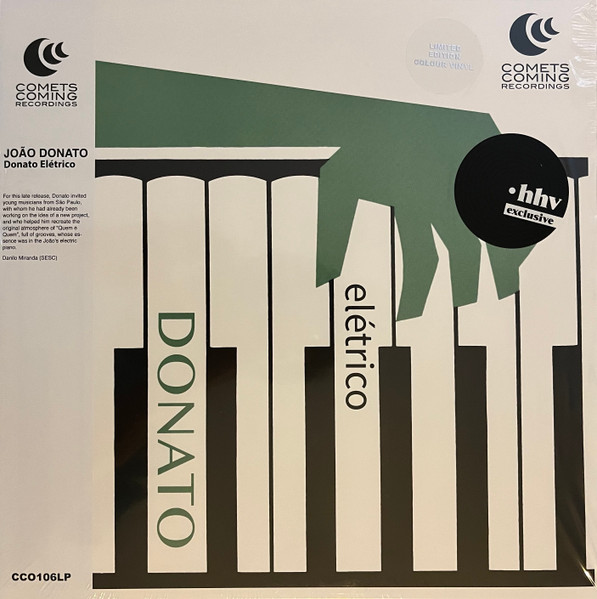 Donato Elétrico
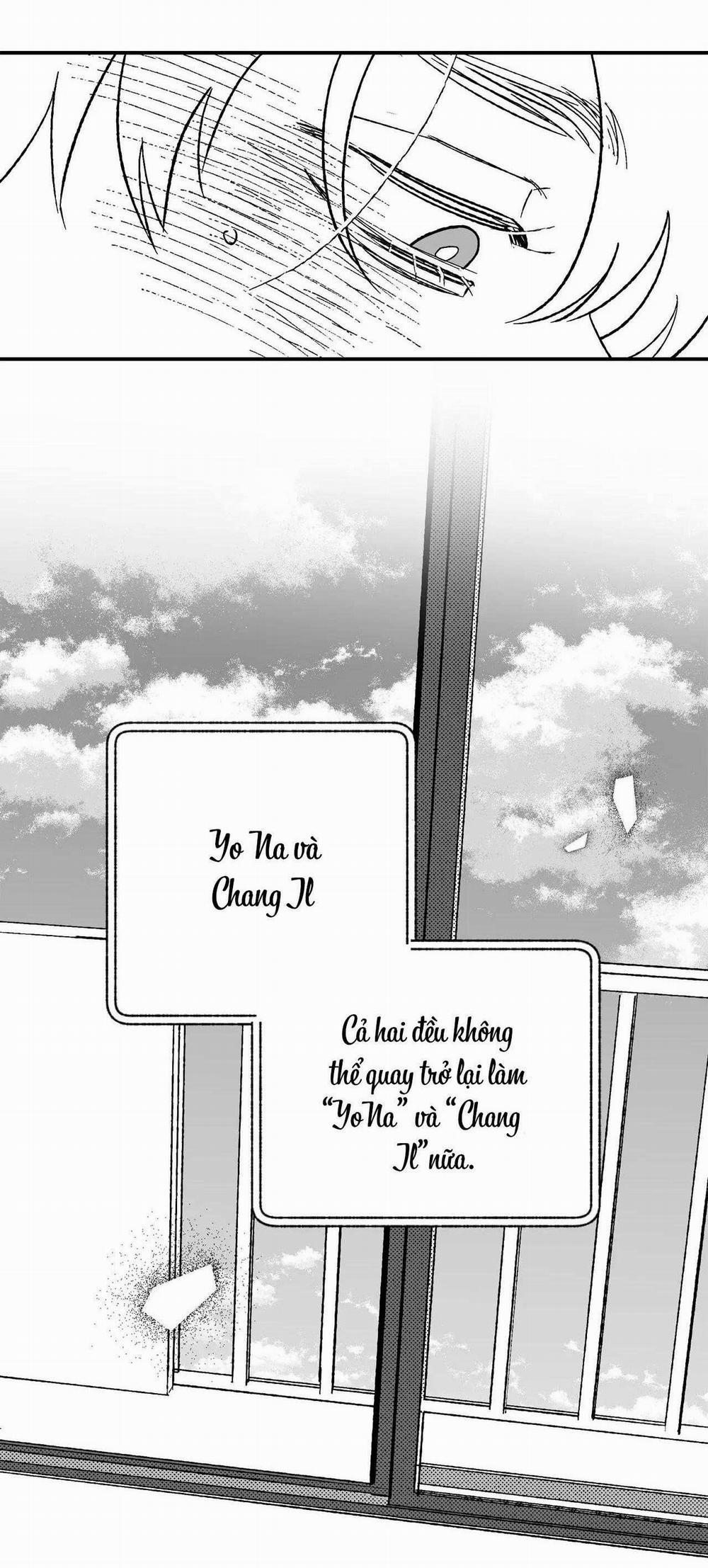 Sự Kết Hợp Hoàn Hảo 39 trang 34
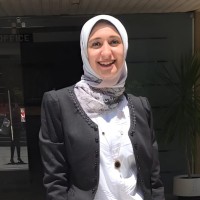 Basma Mostafa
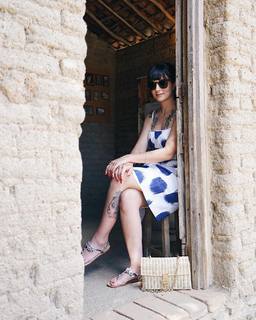 Danielle Noce feet photo 7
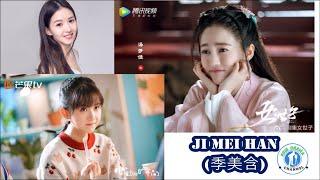 Ji Mei Han - 季美含 - Drama list (2020-2021)|#Ji Mei Han - #季美含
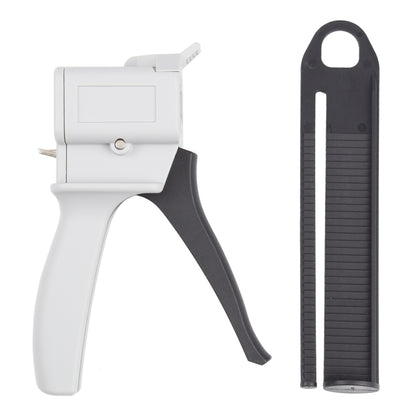 Pistolet à colle manuel à deux composants 50 ml 10:1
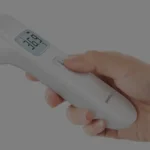 Infrared Thermometer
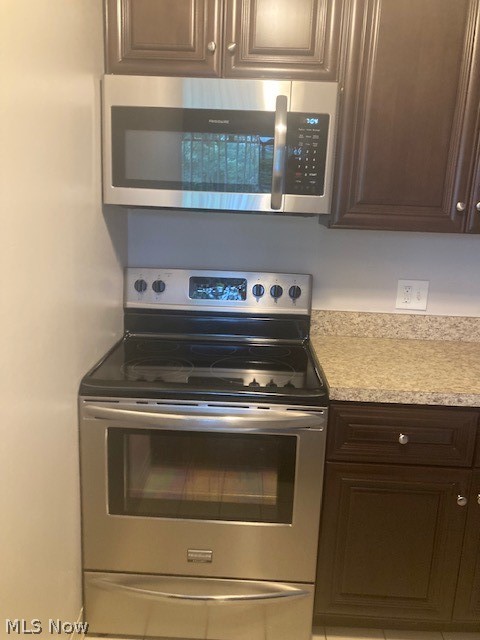 Georgetown Arms Condo - Residential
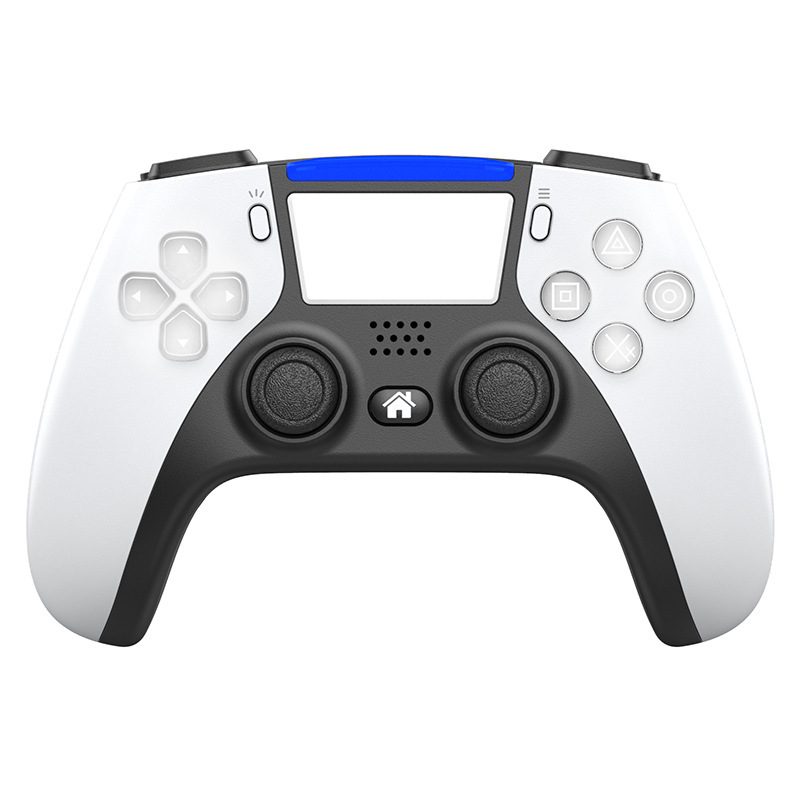 Tay cầm chơi game không dây PS4/PC OEM P02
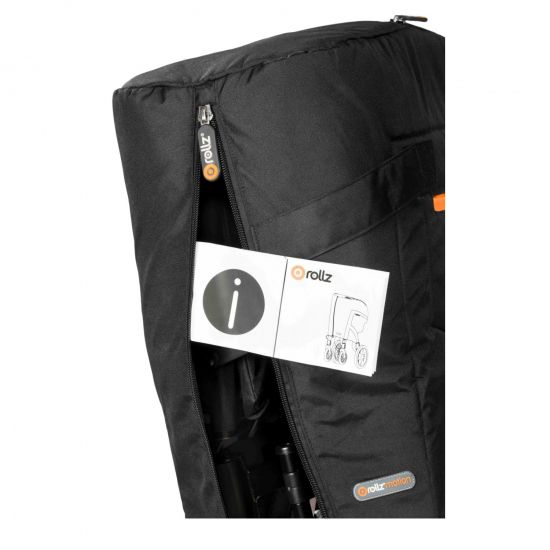 Rollz Motion Transporttasche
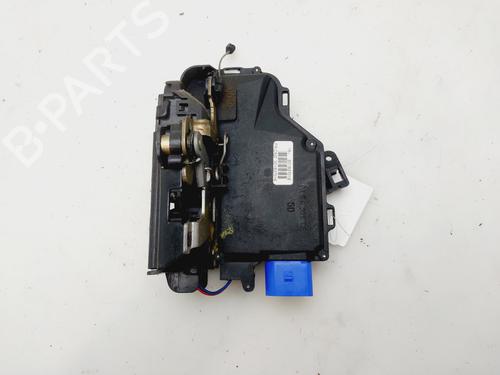 Front right lock VW GOLF V (1K1)  | BP28106741C97 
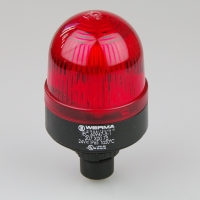 Werma 24vu red LED permanent Beacon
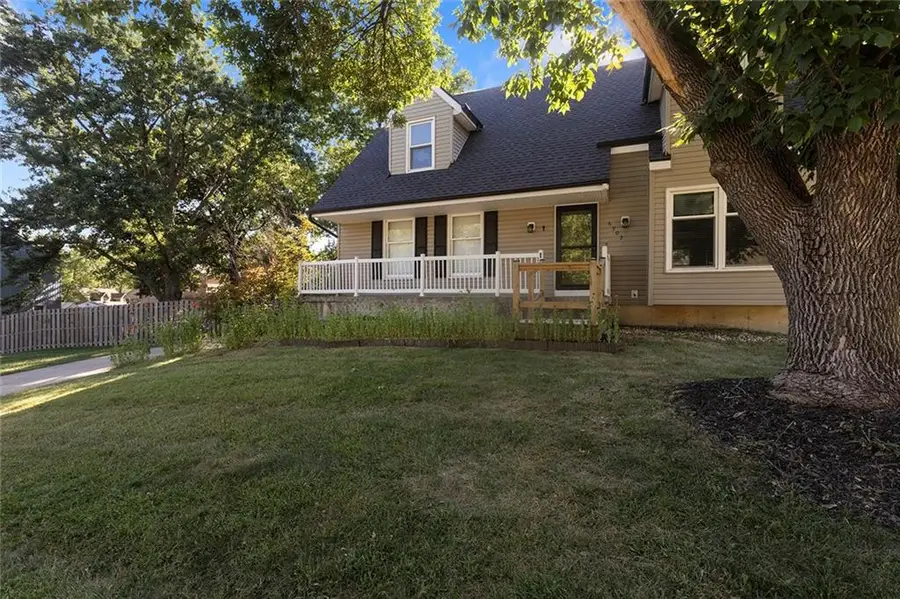 6902 Michael Lane, Pleasant Valley, MO 64068 - #2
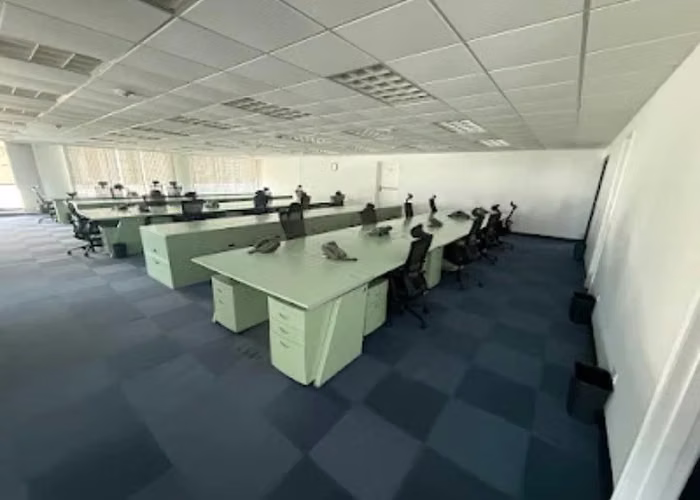 OFICINAS EN ALQUILER – SAN FRANCISCO | COCO DEL MAR 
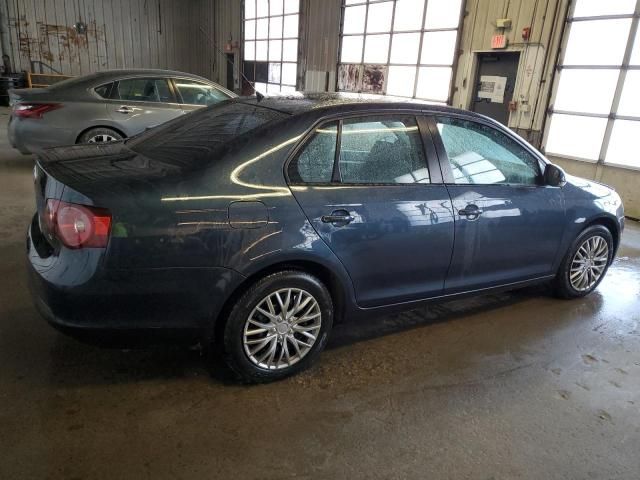 2010 Volkswagen Jetta S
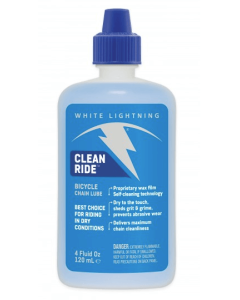 CLEAN RIDE 4OZ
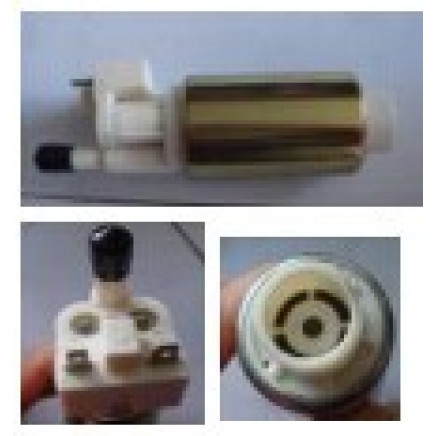 Electric Fuel Pump for Renault Ess296, Renault Fuel Pump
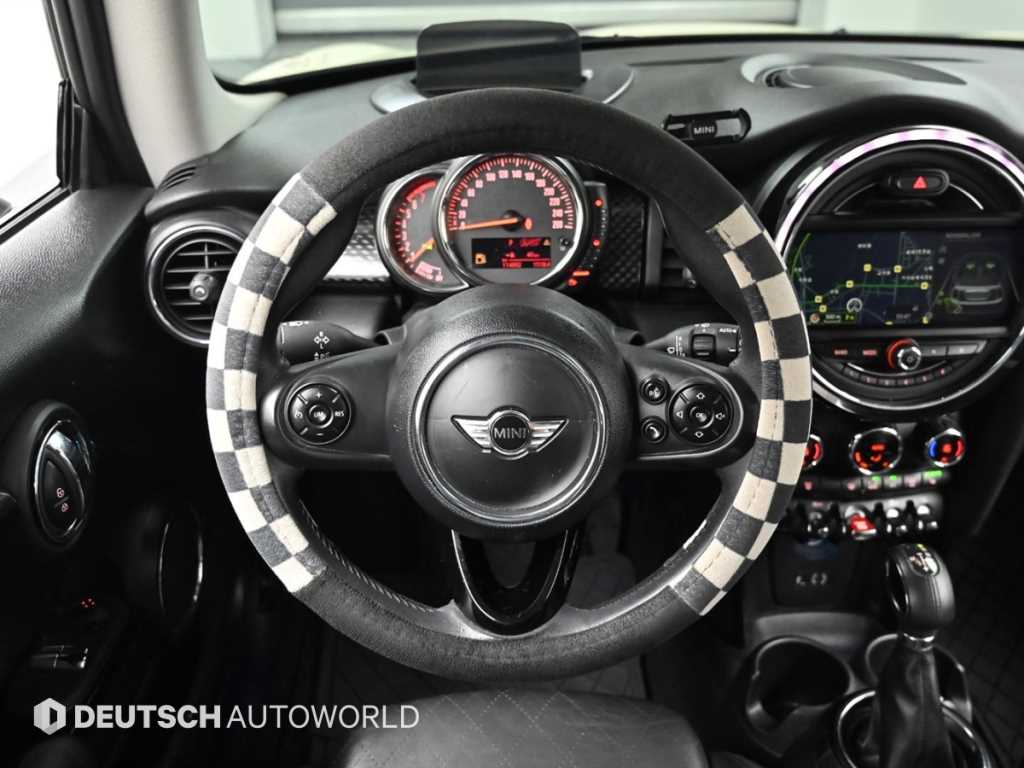 Mini Cooper 2015 - Importación desde Corea - HF Imports Iquique - Foto 13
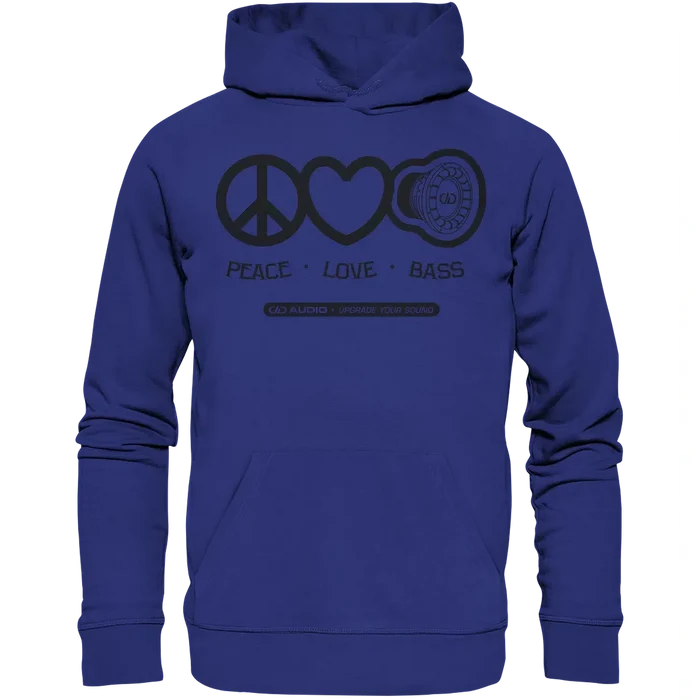 Worker Blue / XS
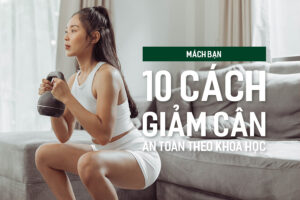 TMC Cường l&agrave; ai? TMC Cường đ&atilde; cải thiện sức khỏe bằng c&aacute;ch n&agrave;o?, PlansbyAnh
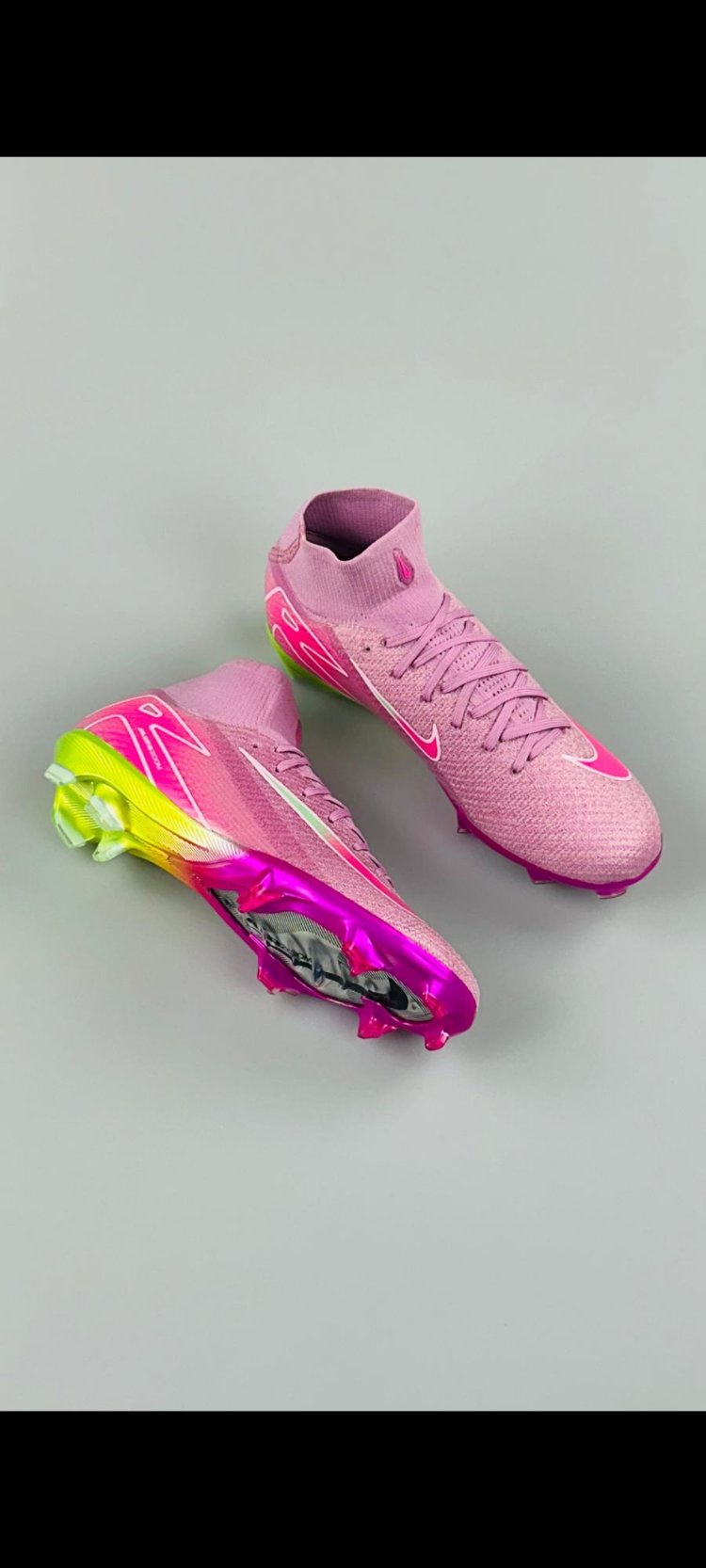 Nike Mercurial SERİSİ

EXERCISE:
Among the entries above, copy exactly the stretch from the line holding "Ji Mei Han - 季美含" through the line holding "Rollz Motion Transporttasche", leaving out any pictures.

EXERCISE OUTPUT:
 Ji Mei Han - 季美含 - Drama list (2020-2021)|#Ji Mei Han - #季美含
 Pistolet à colle manuel à deux composants 50 ml 10:1
 Infrared Thermometer
 Georgetown Arms Condo - Residential
 Tay cầm chơi game không dây PS4/PC OEM P02
 Rollz Motion Transporttasche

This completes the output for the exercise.